State Rep. Dave Schatz, R-Sullivan, and Paul Curtman, R-Pacific, voted in favor of the bill, and State Rep. Dave Hinson, R-St. Clair, did not cast a vote.
The bill would allow the state’s voters to decide whether Missouri should become a right-to-work state.
Under that status, workers would not be required to join a labor union as a condition of employment or pay dues unless federal law said otherwise.
Gov. Jay Nixon, who opposes the bill, said the vote last week did not achieve enough support for final passage.
“The Missouri Constitution requires a constitutional majority for final passage of a bill,” a statement from Nixon’s office says. “House Bill 1770 was perfected by a vote of 78-68, four votes short of the constitutional requirement for final passage.”
But House Speaker Tim Jones, R-Eureka, said in a statement that the vote was “an enormous victory for working Missourians.”
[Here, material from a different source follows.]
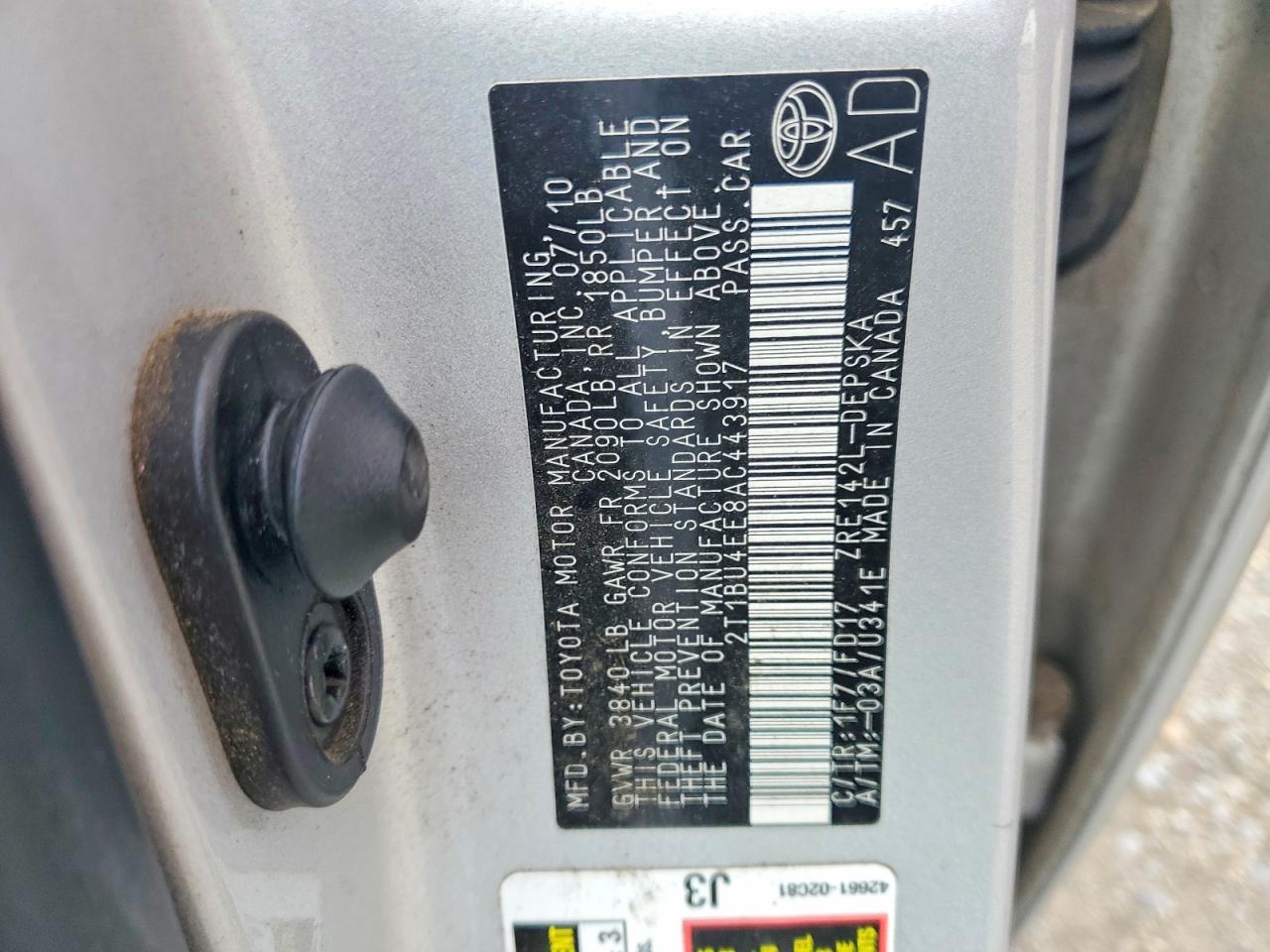 2010 TOYOTA COROLLA BASE photo 12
Sponsoring Rep. Eric Burlison, R-Springfield, said Republicans are close to mustering the necessary votes to send the bill to the Senate and called Wednesday’s vote “historic,” the Associated Press reported.
A final House vote in the bill may happen this week, Schatz said.
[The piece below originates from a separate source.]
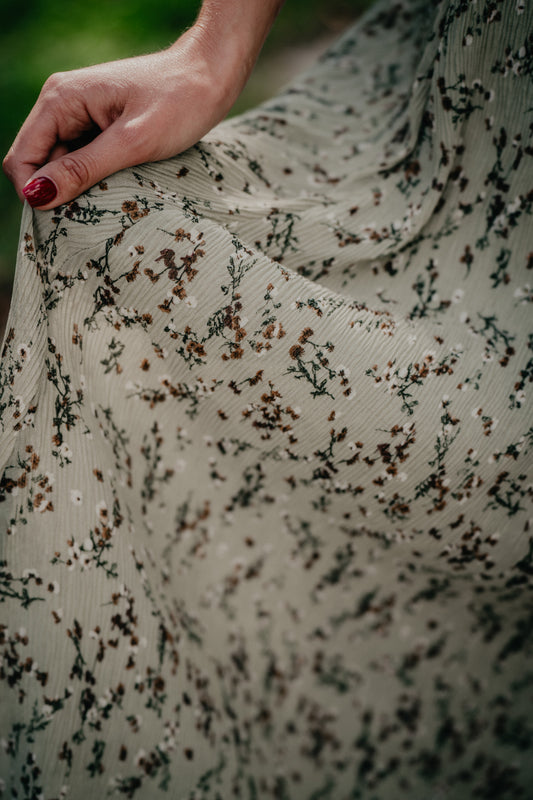 'Whimsical Nights' Sage Green Textured Midi Skirt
If the bill passes the Legislature, Nixon could not veto it since the legislation would ask voters to decide the matter.
Curtman said he voted in favor of the right-to-work bill after a survey of constituents found that most were in favor.
“By a five-point margin, it is clear that the voters of District 109 support right to work,” Curtman said in a statement. “Furthermore, the district overwhelmingly (70 percent in favor) declared that they should be the ones to ultimately decide the ‘right-to-work’ issue.”
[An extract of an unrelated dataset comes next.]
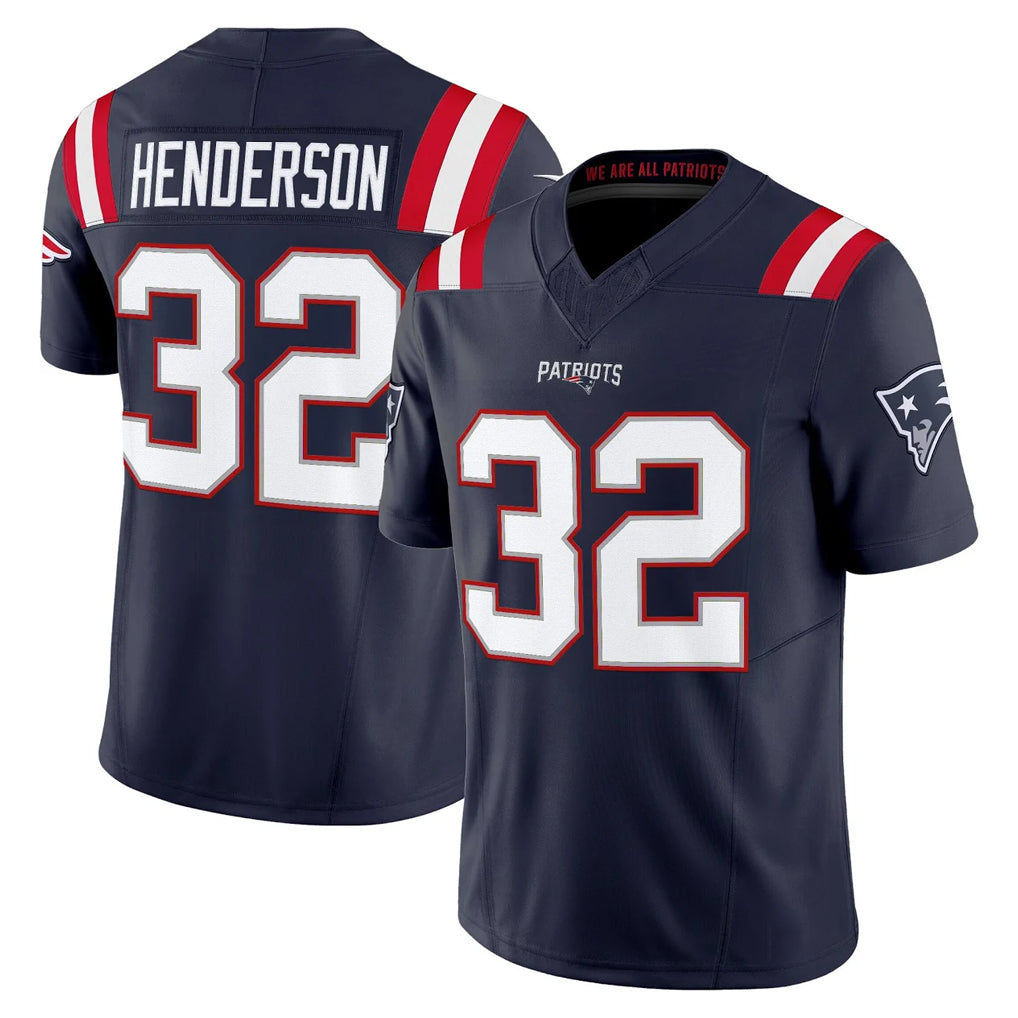 Johmsee NE.Patriots #32 TreVeyon Henderson Player Navy Limited Vapor F.U.S.E. Home Game Stitched Jerseys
Hinson was not in the chamber when the right-to-work bill was voted on because he was in the Senate discussing the transportation sales tax bill that the House recently passed, he said.
But Hinson said his proposed amendment to require nonmembers who want union representation to pay back dues was not in the bill, so he would not have voted for it anyway.
Schatz voted in favor of the right-to-work bill, saying he has a “fundamental belief” that people should have a right to join a union or not.
He said he opposes forced unionization and he does not think it should be a condition of employment.
The right-to-work bill gives employees the freedom to choose whether they want to be in the union or not, he said.
However, he said people who choose not to be in the union should not receive the benefits of union representation. The lobbying around the bill is intense, Schatz said, adding that there is a lot of pressure from labor organizations.
Twenty-four other states have enacted right-to-work laws, most recently Michigan and Indiana in 2012, but Missouri voters overwhelmingly rejected the policy in 1978, according to the AP.
Republican supporters said the measure would help Missouri compete for jobs. They argued the state is missing out on opportunities because its neighbors, except Illinois and Kentucky, have enacted right-to-work polices, the AP reported.
Democrats said right to work would force unions to cope with “free riders,” who reap the rewards of a union contract without paying fees to support collective bargaining, according to the AP.
Under current law, unions are allowed to levy fees against workers who are not union members but who work under an agreement that allows such fees, the AP reported. The bill would prevent employees who are not union members from being fired for refusing to pay such fees.